Garyr, I've seen that e-book or series of e-books before and I've probably downloaded it/them to my computer at home.  I have skimmed over it, but there was just too much in there for me to really start trying to figure it out.  Perhaps after I'm done learning the form our teacher is doing with us now, I'll have enough knowledge to get something out of looking at the Yang Lu Chaun form.

disciple, I'm pretty sure you're correct about the 48 posture combined form.  Since it includes moves from other styles, e.g.
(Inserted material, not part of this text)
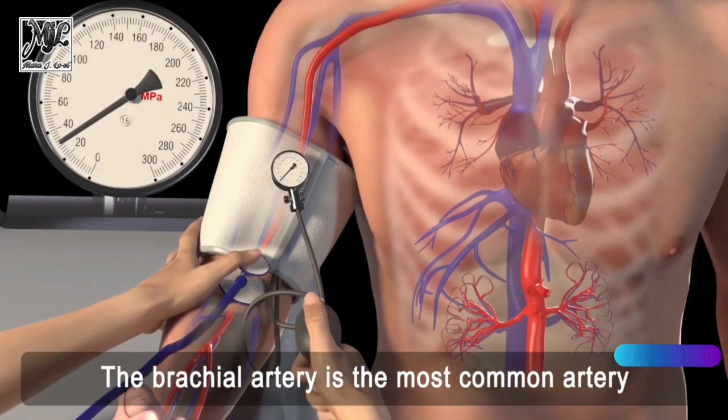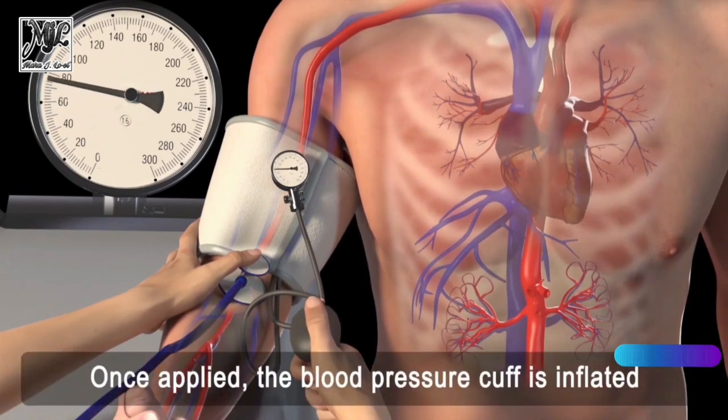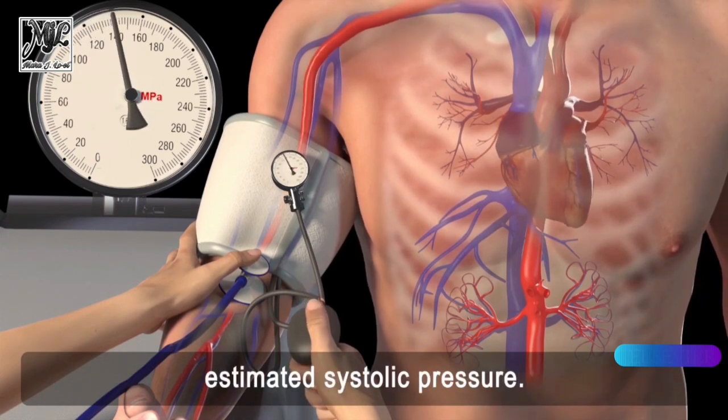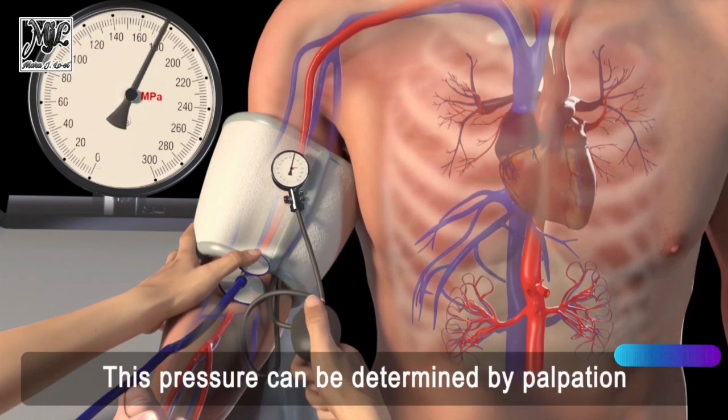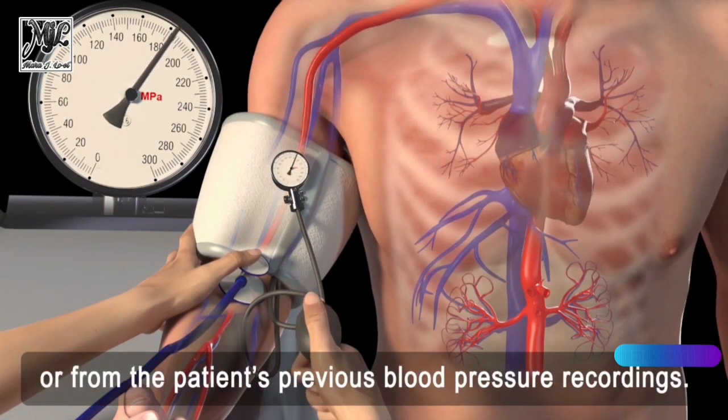The brachial artery is the most common artery used for blood pressure measurement. Once applied, the blood pressure cuff is inflated to a pressure above the patient's estimated systolic pressure. This pressure can be determined by palpation or from the patient's previous blood pressure recordings.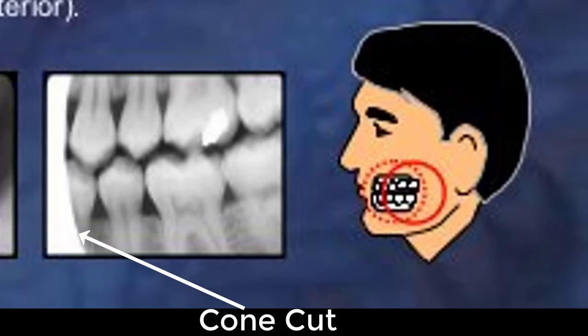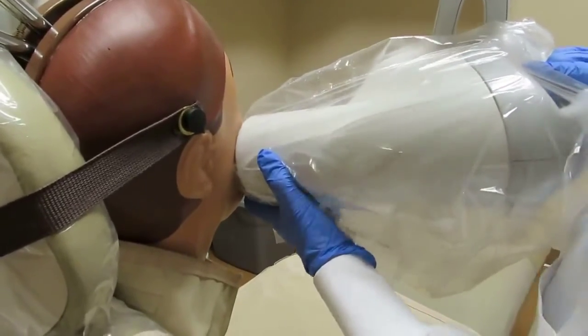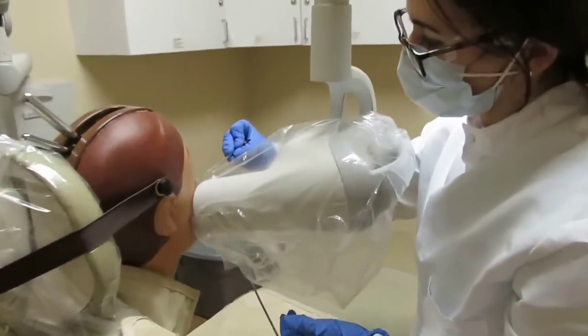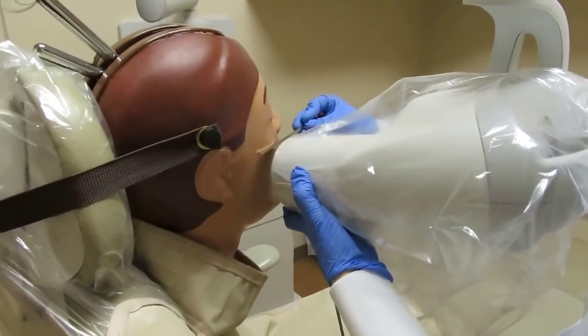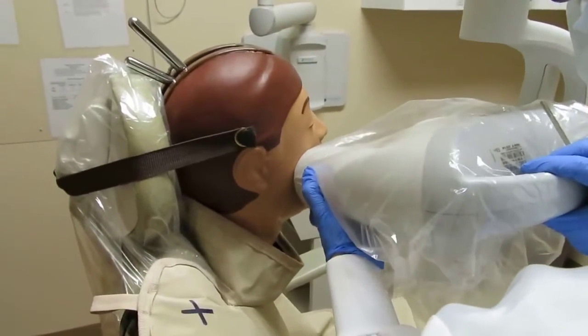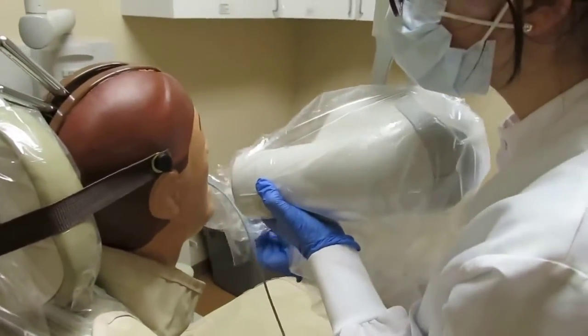In order to avoid cone cuts, which are unexposed areas of the receptor, we must stand directly behind the tube head and make sure that the receptor is completely covered by the tube head. For the purpose of exposing on dexter, examine the curvature of the zygomatic arch, and line the tube head with the eyebrows slightly under the zygomatic arch. Rotate the tube head, making sure it is parallel to the curvature of the zygomatic arch, and that the central beam of the tube head is visualized going straight through the contact areas of the teeth.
Chen which is noted for having explosive movements, it would have some hard movements in it.  I don't think there are a lot of hard moves, but there should be a few, maybe half a dozen or so?  Something like that I think.

Rob_Broad, I know what you mean about the schools.  This is one of the things I was concerned with when I was looking around for classes being given in my area.  I heard too much about how most schools don't know or at least don't teach tai chi with/from the martial arts standpoint.  I was afraid that where ever I went it would be treated as simply a health exercise and I knew it was more than that.  That's why I'm glad to be learning it from our teacher who started us off with long fist.  He has shown us some fighting applications of tai chi moves to help us understand them, so he clearly knows about the martial arts aspect of it.  I'm glad that I'm learning it now and from someone who knows the martial aspects of it.


----------



## disciple (Mar 15, 2002)

*Kaith!* 
Maybe after reading this thread, you should reconsider the summary for tai chi forum on the first page 

salute

:asian:


----------



## Bob Hubbard (Mar 16, 2002)

LOL
I stole most of my summaries from descriptions I found.  Maybe you guys who know TaiChi can write us a better one? 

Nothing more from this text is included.